Pierre Fresnault-Deruelle, who theorised the differential operations of the linear and tabular dimensions of comics in a celebrated article,1 relates this formal duality to the capacity of the medium to redraw the boundaries of the real and the fantastic. He begins with a deceptively simple example, two panels from a Richard F. Outcault Buster Brown episode, in which, through the transformative mechanism of comics, a magical illusion is shattered although not altogether dispelled. He then introduces Wilhelm Schulz's Schutzengel Aegir, a satirical wordless four-panel vertically aligned strip, which appears to achieve closure as the sleeping heroine wakes up safe and sound upon the beach, the eponymous guardian angel having dispatched the sea monster that threatened her. Fresnault-Deruelle suggests, though, that darker forces may be at work, invoking another Schulz strip that radically confounds expectations of a happy ending, casting its already socially outcast heroine into abject despair. He then offers a rereading of Schutzengel Aegir that takes account of our ability to scan the page as a whole and to foresee the ending. Rather than simply cancelling suspense, this tabular apprehension of the four panels may imbue the final image of the wide-awake young woman with the menace that she does not know herself to have escaped. Fresnault-Deruelle considers the symbolic potency of the imagery of the water's edge, a frequent visual trope in the work of Expressionist, Symbolist and Surrealist artists that represents the uncertain boundary between the rational and the irrational, the conscious and the repressed. He uses the terms ‘posed’ and ‘transposed’ to describe a process through which the seeming solidity of the real ceases to stand in opposition to the illusory world of the dream or nightmare but is consumed by it, as familiar reality is encroached upon by fear and fantasy. And the comics medium, at this early stage of its history, with its sequential panels and tabular layout, can stand comparison with the work of masters of the uncanny such as Francisco Goya and René Magritte.

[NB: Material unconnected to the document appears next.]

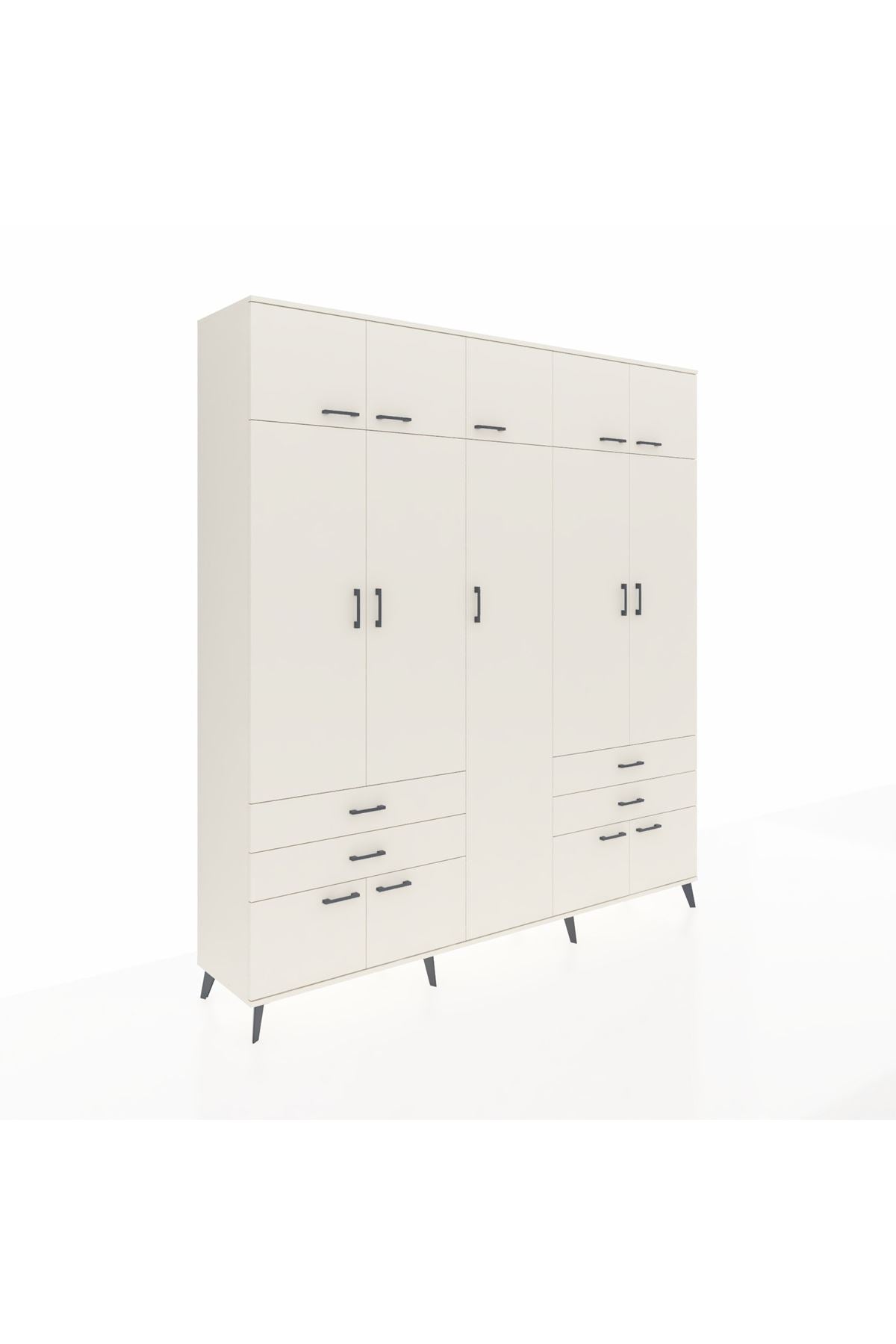 Hyperion Dolap 12 Raflı 4 Çekmeceli 2 Askılı 220x44x243 - S553M011V04B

We end this editorial by paying tribute to two towering figures from the comics world who died earlier this year. David Kunzle was a comics historian of mighty erudition and, we are proud to say, a contributor to this journal. He changed our way of looking at the pre-history of comics, and his works on the nineteenth-century exponents of the form—in particular Töpffer and Cham—remain markers in the field. Trina Robbins was a brilliant cartoonist who shook up the male-dominated underground as well as a herstorian of women's (or wimmin's) comics, pursuits inseparable from her feminist activism. As wimmin artists, as wimmin scholars and as wimmin (or men), we owe her a debt of gratitude.

1

Pierre Fresnault-Deruelle, ‘Du Linéaire au tabulaire’, Communications 24 (1976), 7–23.